As I sat down in a half-empty ballroom and watched Shapiro awkwardly interact with a digital avatar of General Motors CEO Mary Barra, I couldn’t help but feel like the entire event was strung together at the last minute. Here I am at CES, an event that’s supposed to showcase the bleeding edge of consumer technology, and the host can’t even manage to get the WiFi connection to run smoothly. Even companies like Sony, which wowed the world in 2020 with their Vision S electric vehicle, limped into CES 2022 with a different version of the same products we saw two years ago.
Despite the overall lack of crowds, electricity, and marquee vendors that attendees come to see, reviews on the ground were surprisingly positive. It was as if the pandemic had self-selected a crop of fearless (if naively optimistic) attendees. When I asked about his experience at the event, Julian Sanchez, director of emerging technologies at John Deere, told me: “Last year what I missed out on was seeing what other people were doing. The digital medium is really nice but it provides a very linear pipeline of information. You see when I’m here, not only am I going to be here all week at the booth, but I’m going to sneak away and check stuff out. And I hate to say it, but when it was virtual I didn’t sneak away and go check out another website. I just didn’t.”

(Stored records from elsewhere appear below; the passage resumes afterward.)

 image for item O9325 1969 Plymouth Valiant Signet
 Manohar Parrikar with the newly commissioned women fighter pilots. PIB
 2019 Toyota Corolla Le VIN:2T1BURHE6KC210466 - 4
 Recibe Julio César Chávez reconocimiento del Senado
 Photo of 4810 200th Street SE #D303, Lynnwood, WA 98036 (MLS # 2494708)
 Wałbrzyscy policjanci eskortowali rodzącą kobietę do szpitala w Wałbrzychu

Sanchez’s comments make sense. At the end of the day, CES is a trade show where the top brass of the tech world congregate in the hopes of networking and making meaningful connections. With that being said, it might come as a surprise that the company that showed up in the most numbers was Samsung, the brand that hangs its hat on VR Headsets and augmented reality. Despite lauding the merits of remote connective technologies, even companies like Samsung understand that no screen can replace the bonds made through human interaction.
This social interaction was what patrons like Jeremiah Winfrey, co-founder of NXT Level Smart Home, had waited nearly two years for.

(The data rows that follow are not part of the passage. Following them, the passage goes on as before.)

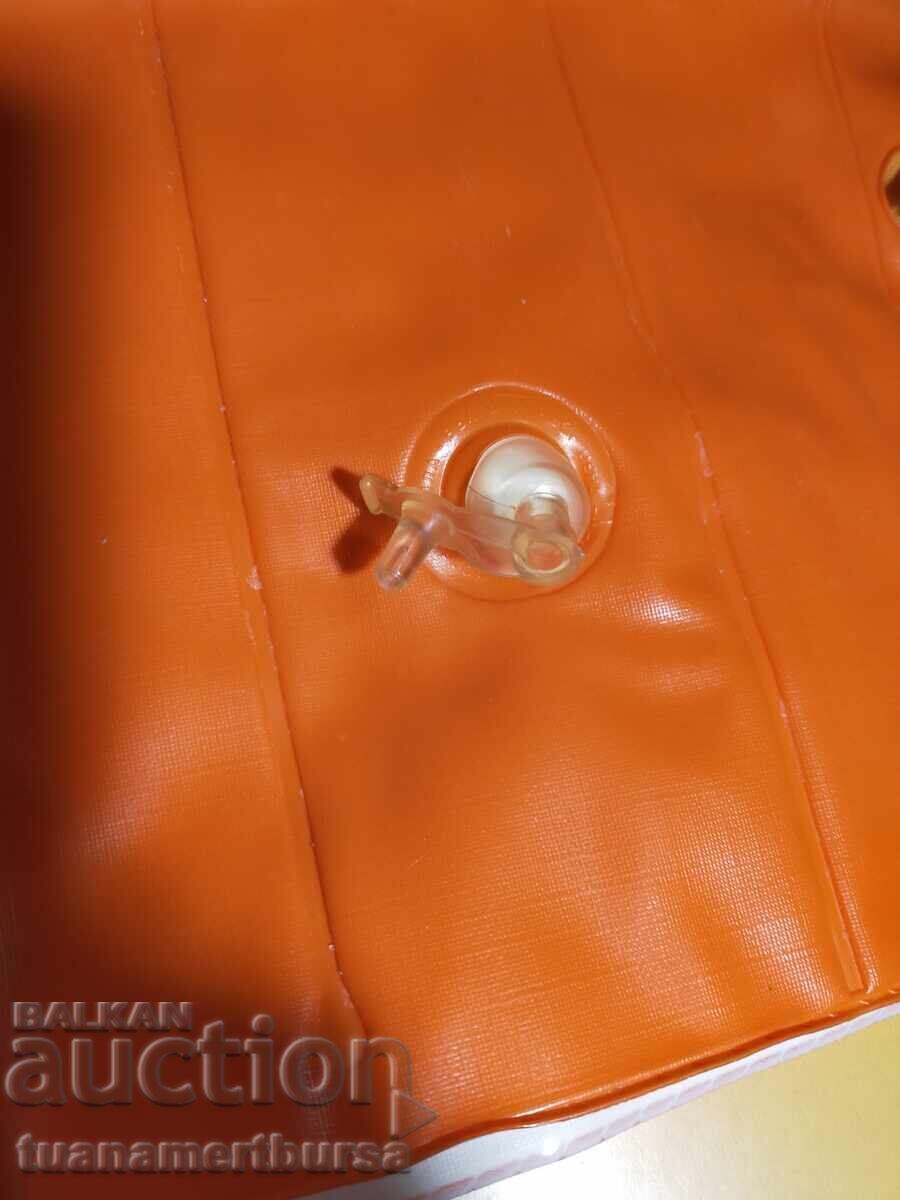 Ρετρό κλασική πορτοκαλί σωσίβιο με τιμή € 14.00 | 27.38 BGN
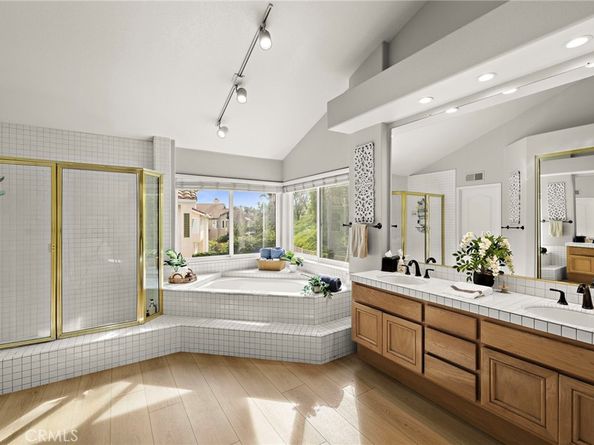 27041 Ironwood Drive, Laguna Hills CA 92653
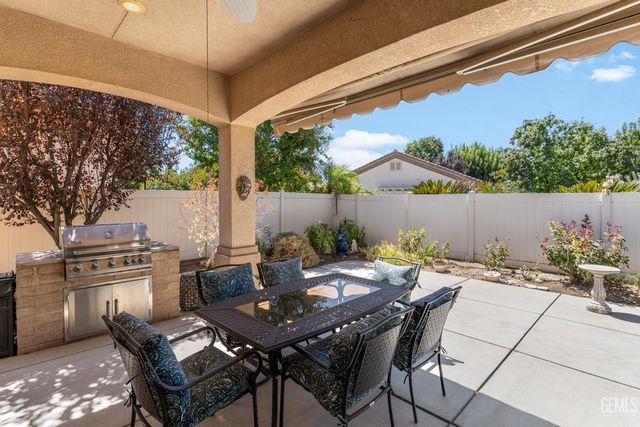 5914 Park Place Drive, Bakersfield, CA 93306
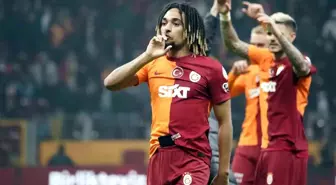 Galatasaraylı Futbolcu Sacha Boey Taraftarlara 3'lü Çektirdi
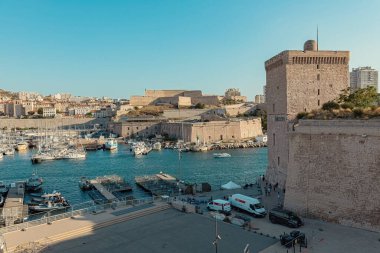 Marsseille Limanı 'ndaki tekneler Eski Fransa Limanı manzaralı.
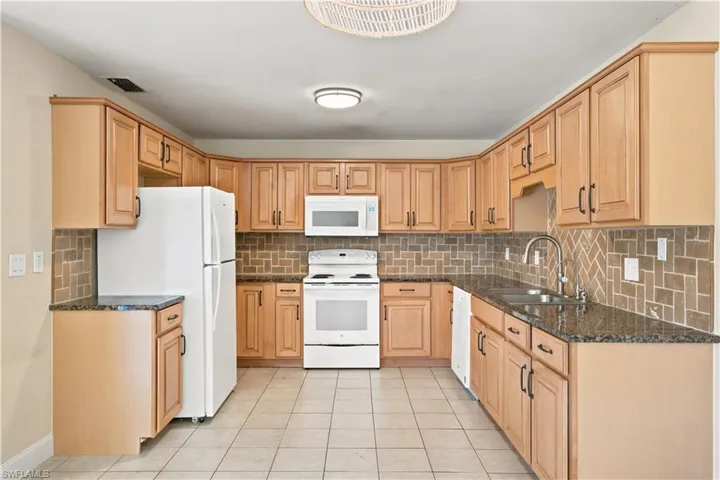 5638 Foxlake Dr, North Fort Myers, Florida 33917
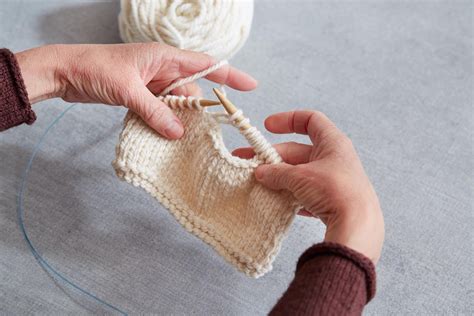 How to Backwards Loop Cast-On – Cocoknits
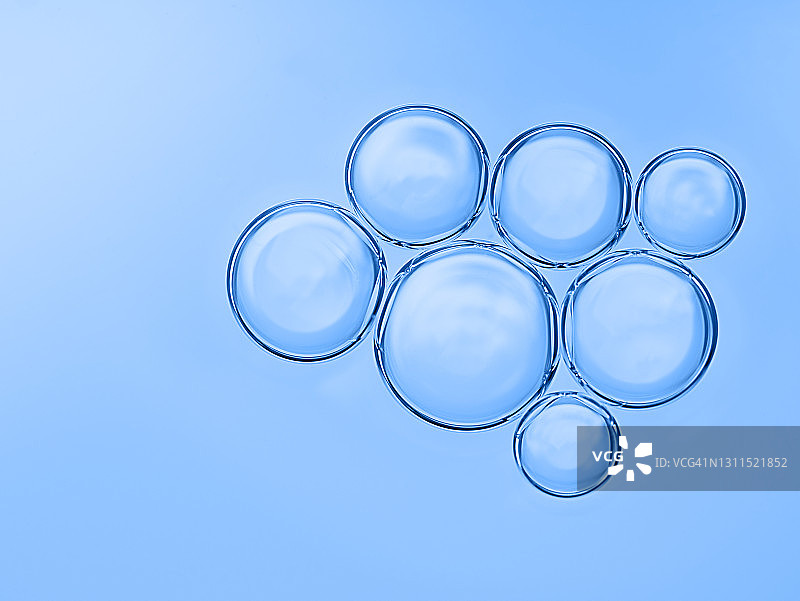 漂浮在水面上的水滴和气泡图片素材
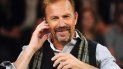 A sus 64 años, el actor protagoniza este film junto a Woody Harrelson y ambos dan vida a los agentes Hamer y Gault en un proyecto que data de 2005. A sus 64 años, el actor protagoniza este film junto a Woody Harrelson y ambos dan vida a los agentes Hamer y Gault en un proyecto que data de 2005.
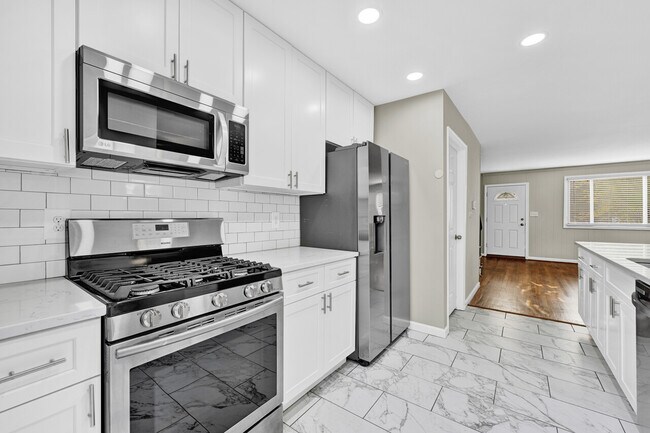 Building Photo - 8600 Ellen Court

“As humans, we like to congregate and I think that it’s much easier to do that in person. The energy is definitely different. Obviously, in these past two years, there was a necessity for virtual meetings in corporate America. But I think that having this event go on in-person will bring back some of that interaction that we lost over that pandemic. I think after this event we’re going to see companies come back bigger and better.”

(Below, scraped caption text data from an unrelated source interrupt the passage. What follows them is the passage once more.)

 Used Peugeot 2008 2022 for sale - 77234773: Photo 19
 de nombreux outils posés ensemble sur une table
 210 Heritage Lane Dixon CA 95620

Looking back at CES it’s tough to decide whether or not the event was actually a success. In some ways it was—the bowing-out of the large companies gave room for the little guys to shine. This year’s event brought with it record-setting delegations from countries such as the Netherlands, Italy, and South Korea. Unlike their more established counterparts, these startups brought forth innovations in transportation, health, and display technologies. If the pandemic never happened, I’m willing to bet that the spotlight would have missed these small companies.
Although I can attest that this year’s CES left much to be desired, I would be remiss to leave out that this event almost never happened. Sure, the stands were empty and the halls were thinner than usual, but those who did come on came on blind faith, not knowing whether the event would be canceled the next day. If there is anything to take away from CES 2022 it’s the fact that despite all the obstacles thrown its way, CES survived—or at the very least, proved it wasn’t dead. Although it may not have been a success on paper, the show still went on.